▶ **Provided records**
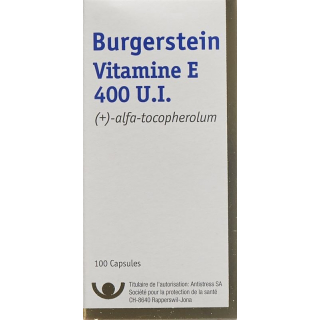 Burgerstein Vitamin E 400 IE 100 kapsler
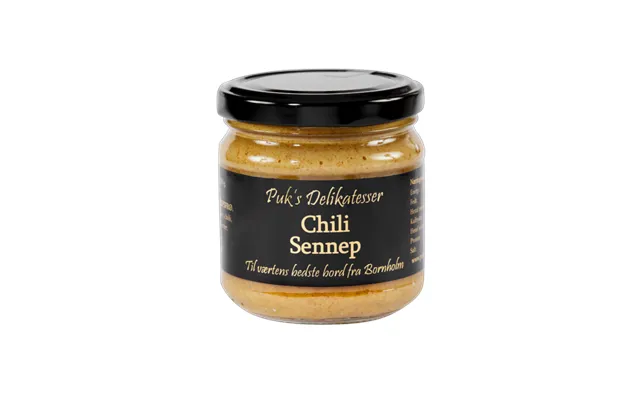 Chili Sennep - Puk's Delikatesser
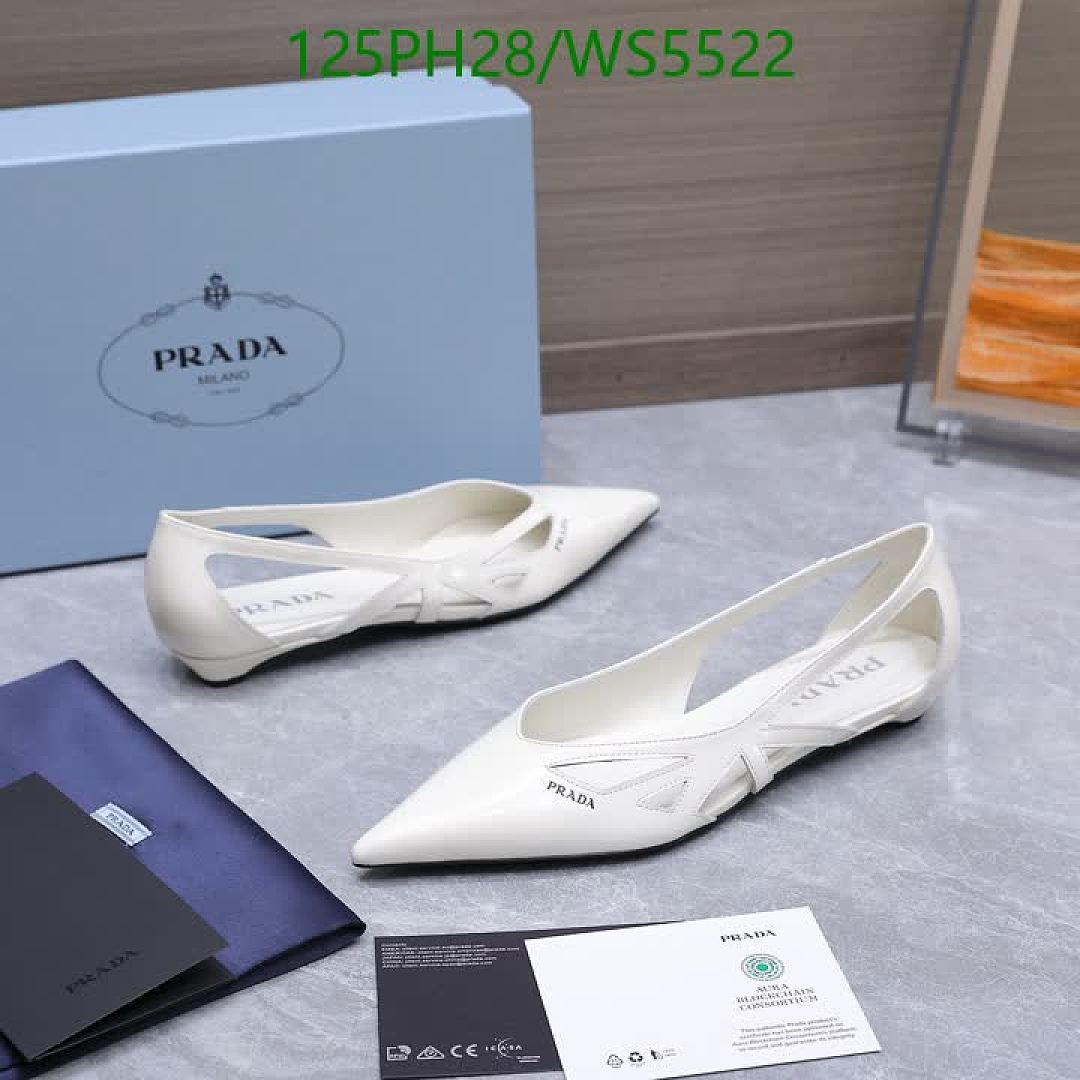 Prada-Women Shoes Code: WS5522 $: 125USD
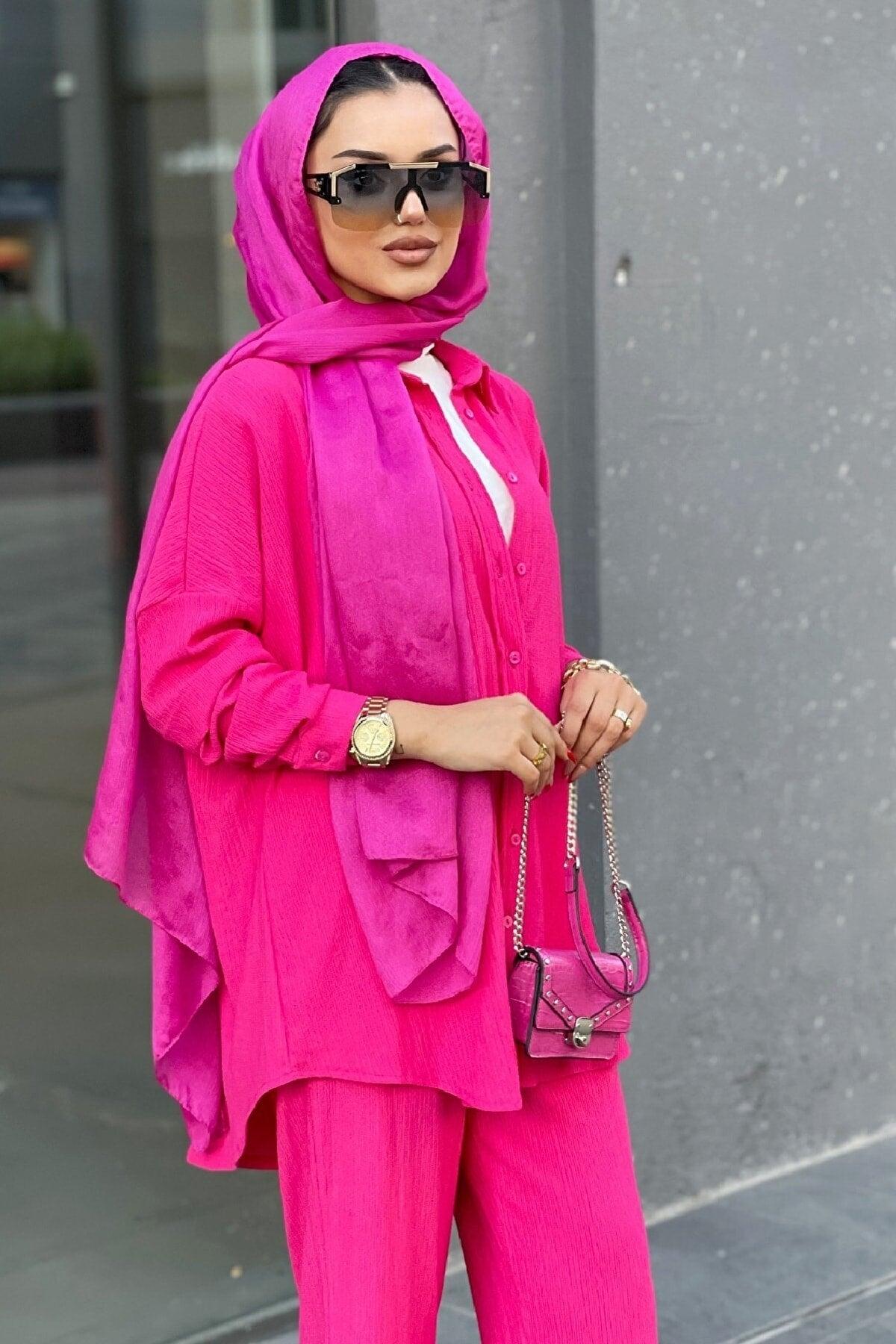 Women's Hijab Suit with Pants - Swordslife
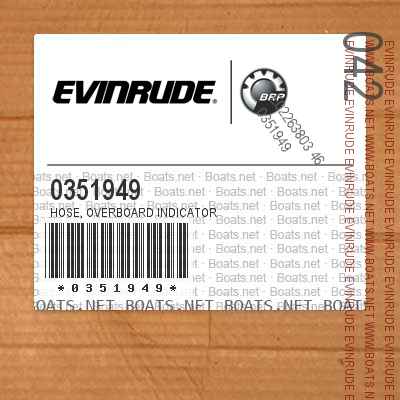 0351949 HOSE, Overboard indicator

▶ **Assignment**
From the line with "Prada-Women Shoes Code: WS5522 $: 125USD" through the final line of the data above, copy everything exactly, both ends included, but not the pictures.

▶ **Written answer**
 Prada-Women Shoes Code: WS5522 $: 125USD
 Women's Hijab Suit with Pants - Swordslife
 0351949 HOSE, Overboard indicator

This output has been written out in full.